Hey Steve, I just want to throw in my two cents and say this is terrific. Thanks for making available to everyone (and for being so responsive to comments).
Thanks Dave!
Nice article! Stat question though ; when you created these formulas at the end did you do any kind of forward or backwards selection? Meaning were all these predictor variables reasonably independent of the other predictors? I was curious why HR/FB would be included in the model if before it showed a very little correlation. Would it be correct to assume that while the correlation was low, it accounted for a unique part of the xBABIP variance? Thanks!

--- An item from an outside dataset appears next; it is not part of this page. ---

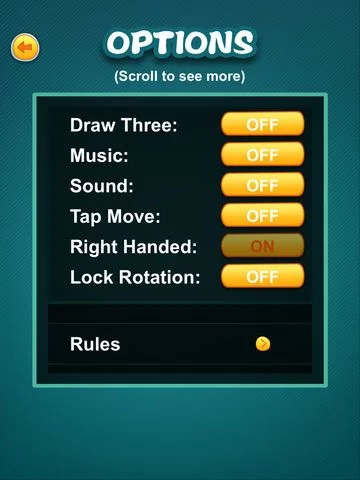 Изображение игры: 123 # Solitaire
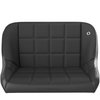 64402B 42 in. Baja Bench Suspension Seat [Black Vinyl/Cloth] - image 2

Thank you! Great question. Well, my decision to try HR/FB out in the regression was largely based on the intuition that power would probably make a difference to BABIP, with HR/FB being one of the better proxies for power that are available (though I might want to try one of the newly-added fly ball distance stats instead).
I believe the explanation for why HR/FB apparently is predictive of BABIP in the multiple regression despite no direct correlation is this:
HR/FB’s correlation vs. next year’s…
GB%: -0.32
Spd: -0.29
LD%: -0.15
FB%: 0.36
So, it’s the fact that the big home run hitters tend to be slower and hit more low-BABIP-type batted balls (more FB, fewer GB and LD) that hides the fact that power in and of itself is actually beneficial to BABIP. If you can combine speed and power (e.g. Mike Trout), your BABIP will likely be pretty high.
Stephen,
I ran your xBABIP’s on last year’s data and they all seem very low. For example, Miggy was at .300 even though his BABIP last year was .356. The old xBABIP formula (listed below) is much closer at .344. If i add .330 at the end of your equation (vs. .283/.278 depending on which equation in your post) it outputs .347 which is much closer to his actual BABIP and old xBABIP (as well as everyone else’s).
Am i missing something or did you come up with the same results?
Thanks!
old xBABIP formula:
xBABIP = 0.392 + (LD% x 0.287709436) + ((GB% – (GB% * IFH%)) x -0.152 ) + ((FB% – (FB% x HR/FB%) – (FB% x IFFB%)) x -0.188) + ((IFFB% * FB%) x -0.835) + ((IFH% * GB%) x 0.500)
I still love this. A lot.
Well, I’m not sure if I am happy or not that I stumbled across this site. If staying on a site for more than three hours at a time is good, then I’m guilty.
Just a question I hope someone can answer: In terms of all the stats presented here and on fangraphs, which 10 or 15 (from first to 15th) are the most accurate predictors on how a hitter will do from day to day? I am doing research and have come across various answers. Some say success against a certain pitcher is very important, others say it’s too small a sample size (even with >50 at bats) to rely on.
What I plan to do is once I figure out the most to least important stats for determining “success” of a batter, is to multiply the stats by weighted factors. The top influential stats will bear more heavily into the final factor, and the lower rungs have less input.
Any response would be greatly appreciated. Thanks for a great resource!
J
Bump to my previous comment…
Also, is there a way to correlate batters’ stats vs. PITCHERS’ stats? The correlation between the various batters’ stats to themselves is very fascinating, but one wonders which pitchers’s stats give best correlations/predictors to various hitters’ stats.
Thank you for a fabulous resource.
J
This doesn’t seem to be working anymore. I love the tool, could someone find a way around the 5Mb limit?